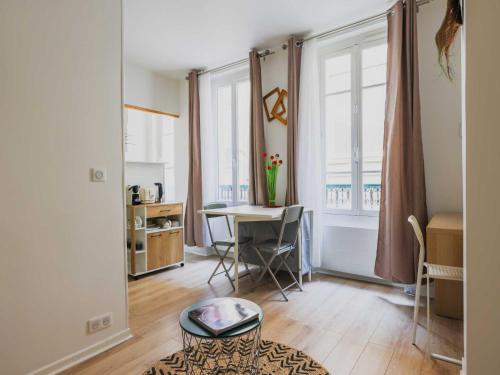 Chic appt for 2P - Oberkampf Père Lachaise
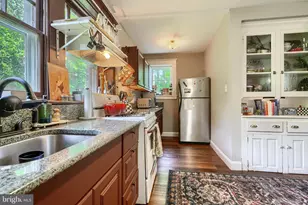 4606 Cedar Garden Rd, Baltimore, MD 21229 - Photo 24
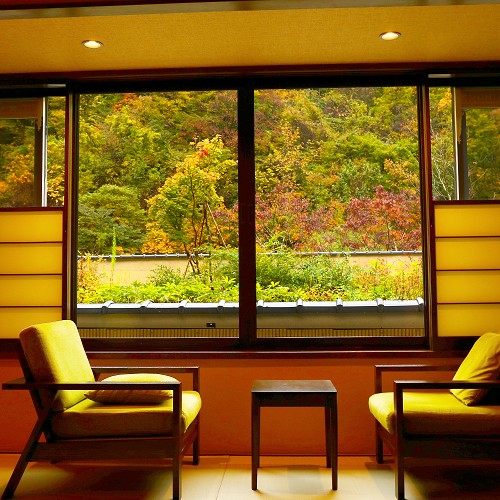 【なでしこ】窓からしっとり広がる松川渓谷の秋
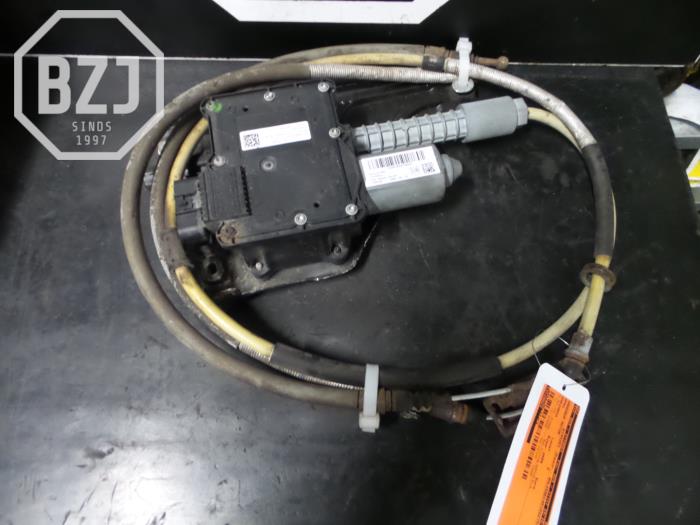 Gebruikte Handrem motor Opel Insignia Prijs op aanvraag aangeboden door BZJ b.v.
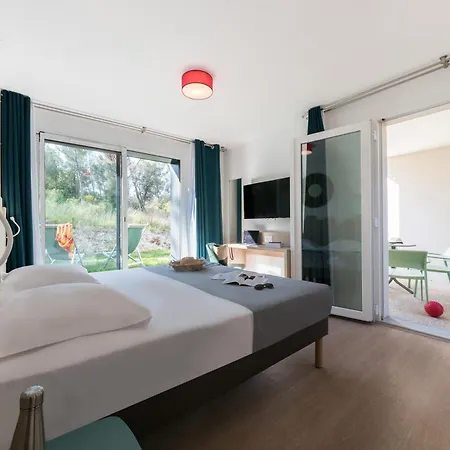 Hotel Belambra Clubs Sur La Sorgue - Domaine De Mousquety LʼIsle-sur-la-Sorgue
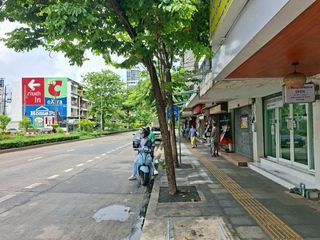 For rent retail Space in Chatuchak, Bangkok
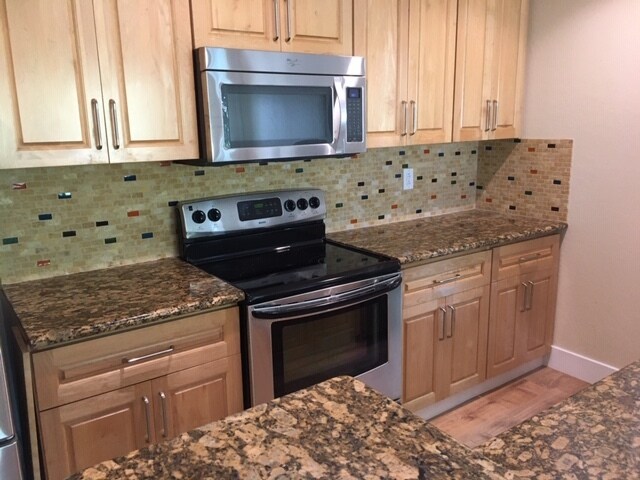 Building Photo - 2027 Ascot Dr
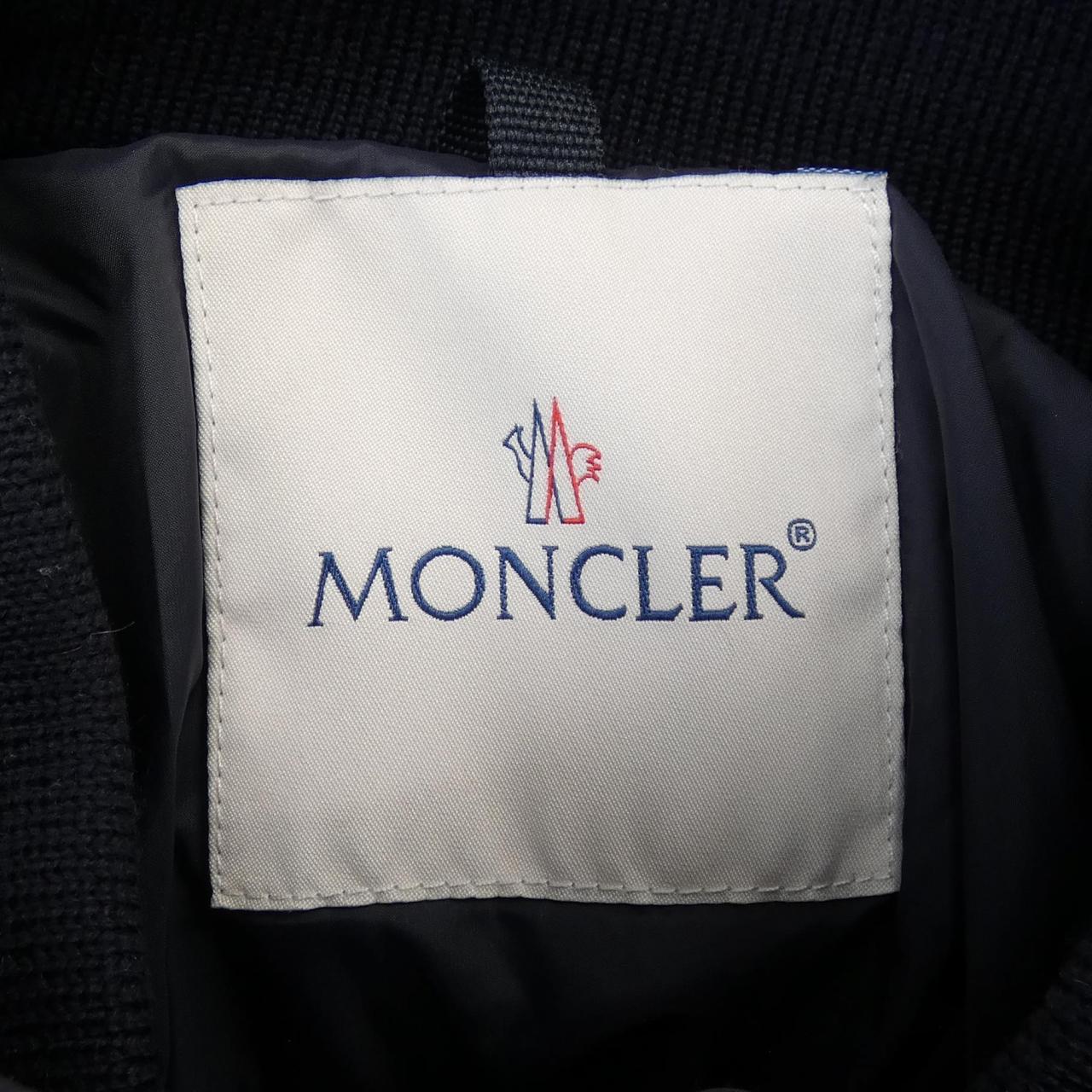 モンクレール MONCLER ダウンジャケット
---
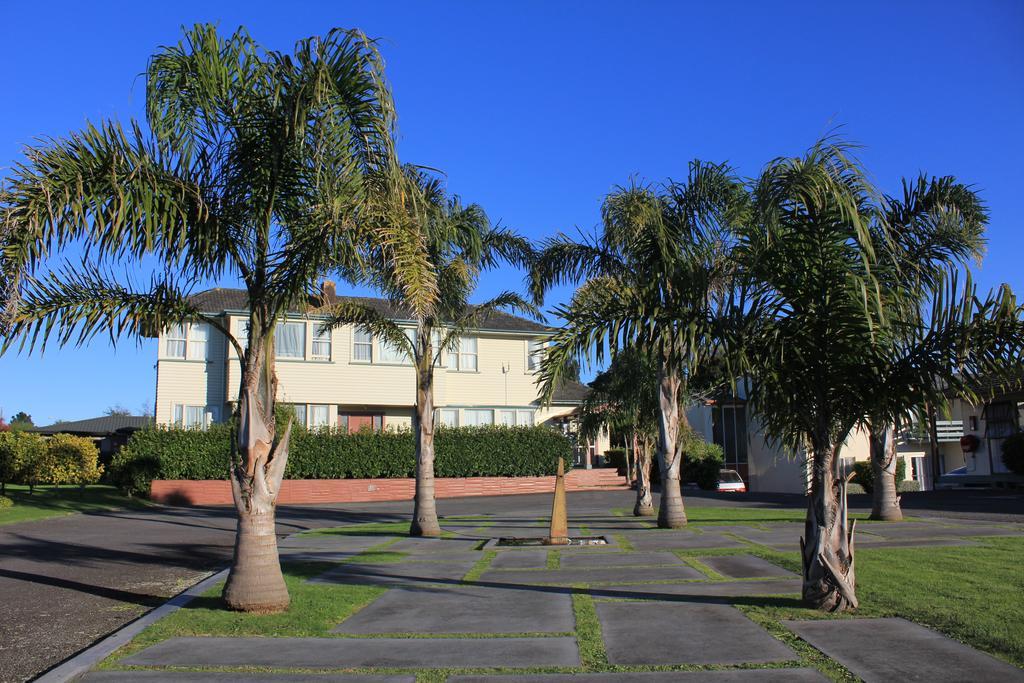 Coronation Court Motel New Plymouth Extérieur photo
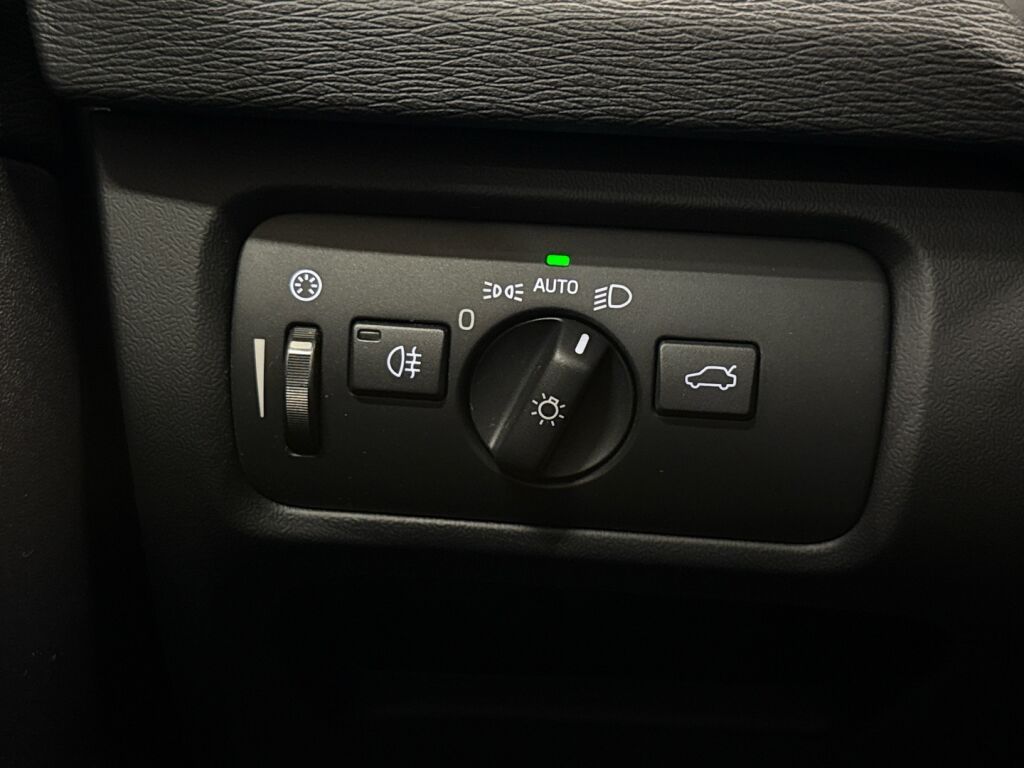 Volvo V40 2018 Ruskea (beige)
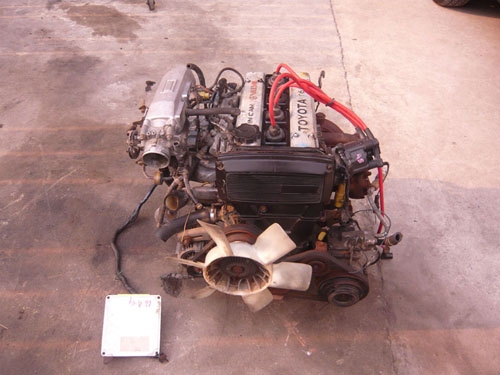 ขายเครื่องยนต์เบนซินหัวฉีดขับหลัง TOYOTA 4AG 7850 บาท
* * *
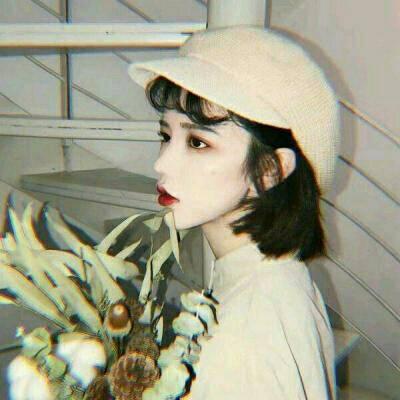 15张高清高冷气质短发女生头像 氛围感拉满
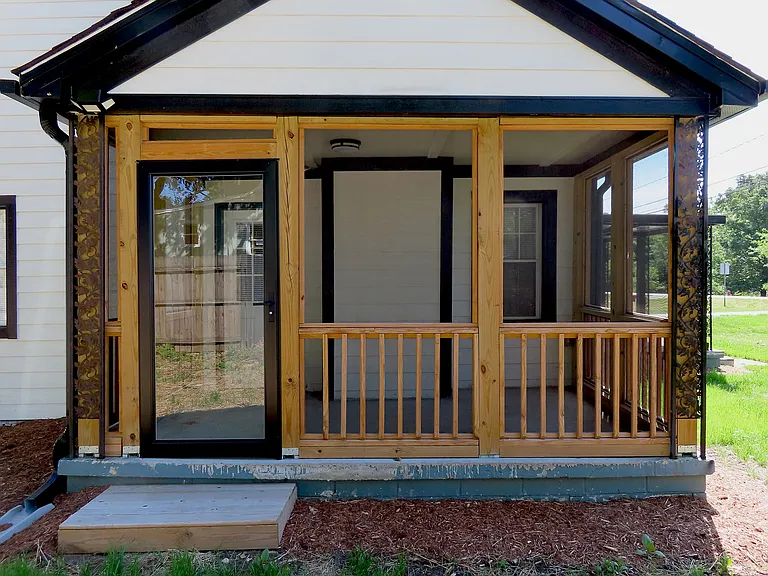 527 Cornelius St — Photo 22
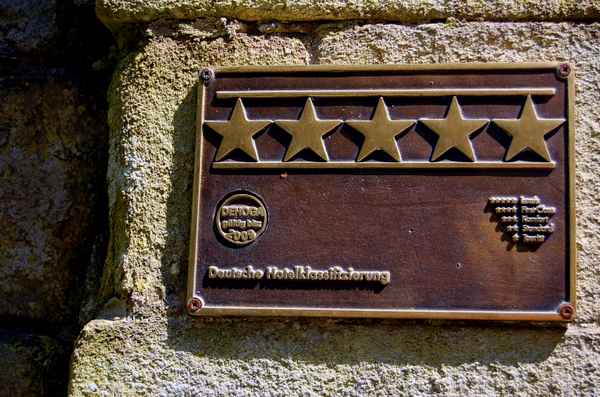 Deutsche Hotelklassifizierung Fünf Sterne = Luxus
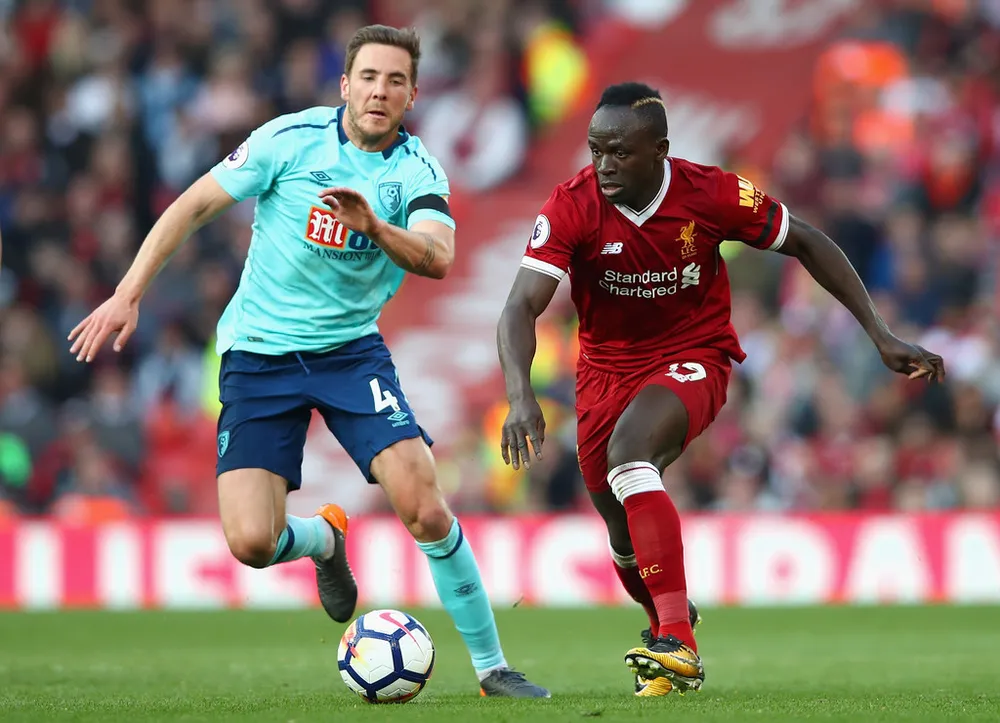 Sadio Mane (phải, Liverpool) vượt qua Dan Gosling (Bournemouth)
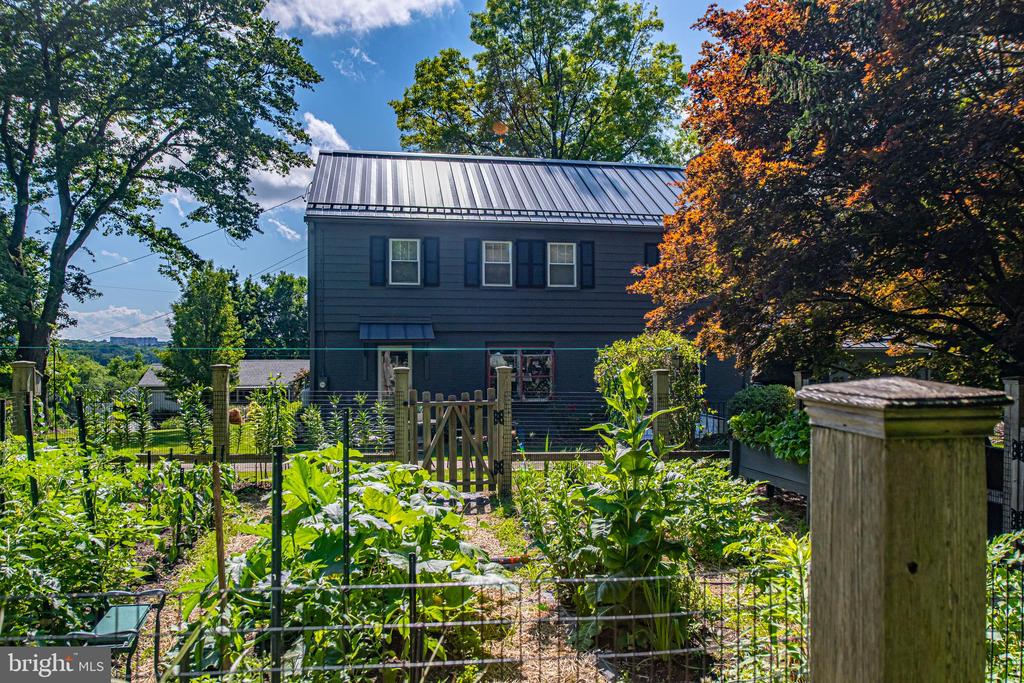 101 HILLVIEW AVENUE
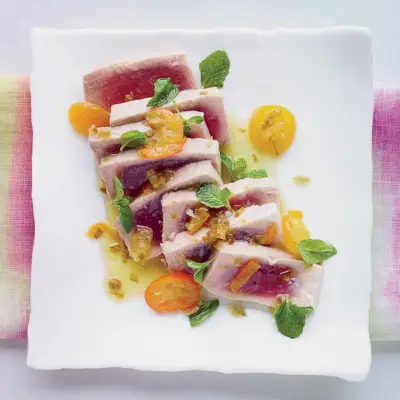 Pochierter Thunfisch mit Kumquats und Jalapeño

■ **TASK DESCRIPTION**:
Nothing but the lines from the one containing "4606 Cedar Garden" through the one containing "モンクレール MONCLER ダウンジャケット" should appear, copied exactly from the material above and without pictures.

■ **REPLY**:
 4606 Cedar Garden Rd, Baltimore, MD 21229 - Photo 24
 【なでしこ】窓からしっとり広がる松川渓谷の秋
 Gebruikte Handrem motor Opel Insignia Prijs op aanvraag aangeboden door BZJ b.v.
 Hotel Belambra Clubs Sur La Sorgue - Domaine De Mousquety LʼIsle-sur-la-Sorgue
 For rent retail Space in Chatuchak, Bangkok
 Building Photo - 2027 Ascot Dr
 モンクレール MONCLER ダウンジャケット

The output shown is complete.